*** DATA UNDER STUDY ***
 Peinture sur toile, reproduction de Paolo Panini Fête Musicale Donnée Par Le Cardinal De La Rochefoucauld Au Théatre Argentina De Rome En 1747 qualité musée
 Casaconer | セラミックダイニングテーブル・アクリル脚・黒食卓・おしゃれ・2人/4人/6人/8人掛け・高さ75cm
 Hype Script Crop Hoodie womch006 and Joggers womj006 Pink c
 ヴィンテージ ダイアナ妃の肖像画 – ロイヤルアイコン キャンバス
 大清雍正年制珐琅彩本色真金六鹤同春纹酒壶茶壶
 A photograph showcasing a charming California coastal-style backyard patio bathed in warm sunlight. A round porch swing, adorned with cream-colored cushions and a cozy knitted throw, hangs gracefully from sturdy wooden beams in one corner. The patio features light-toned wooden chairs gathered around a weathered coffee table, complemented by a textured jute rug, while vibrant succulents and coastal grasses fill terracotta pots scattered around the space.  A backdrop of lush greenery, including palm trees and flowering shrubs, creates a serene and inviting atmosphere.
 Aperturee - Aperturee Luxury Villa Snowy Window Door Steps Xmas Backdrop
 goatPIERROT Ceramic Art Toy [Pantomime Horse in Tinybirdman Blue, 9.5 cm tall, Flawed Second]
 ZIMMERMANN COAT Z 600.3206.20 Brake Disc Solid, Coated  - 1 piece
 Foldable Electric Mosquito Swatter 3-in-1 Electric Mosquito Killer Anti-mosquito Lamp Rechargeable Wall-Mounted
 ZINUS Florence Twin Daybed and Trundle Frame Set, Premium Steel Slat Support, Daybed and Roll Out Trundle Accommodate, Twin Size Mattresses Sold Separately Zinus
***
- EXERCISE OBJECTIVE
Beginning at the opening line of the data, transcribe each line exactly until you reach the line with "Aperturee - Aperturee", which you also include, and go no further.

- THE COMPLETED TASK
 Peinture sur toile, reproduction de Paolo Panini Fête Musicale Donnée Par Le Cardinal De La Rochefoucauld Au Théatre Argentina De Rome En 1747 qualité musée
 Casaconer | セラミックダイニングテーブル・アクリル脚・黒食卓・おしゃれ・2人/4人/6人/8人掛け・高さ75cm
 Hype Script Crop Hoodie womch006 and Joggers womj006 Pink c
 ヴィンテージ ダイアナ妃の肖像画 – ロイヤルアイコン キャンバス
 大清雍正年制珐琅彩本色真金六鹤同春纹酒壶茶壶
 A photograph showcasing a charming California coastal-style backyard patio bathed in warm sunlight. A round porch swing, adorned with cream-colored cushions and a cozy knitted throw, hangs gracefully from sturdy wooden beams in one corner. The patio features light-toned wooden chairs gathered around a weathered coffee table, complemented by a textured jute rug, while vibrant succulents and coastal grasses fill terracotta pots scattered around the space.  A backdrop of lush greenery, including palm trees and flowering shrubs, creates a serene and inviting atmosphere.
 Aperturee - Aperturee Luxury Villa Snowy Window Door Steps Xmas Backdrop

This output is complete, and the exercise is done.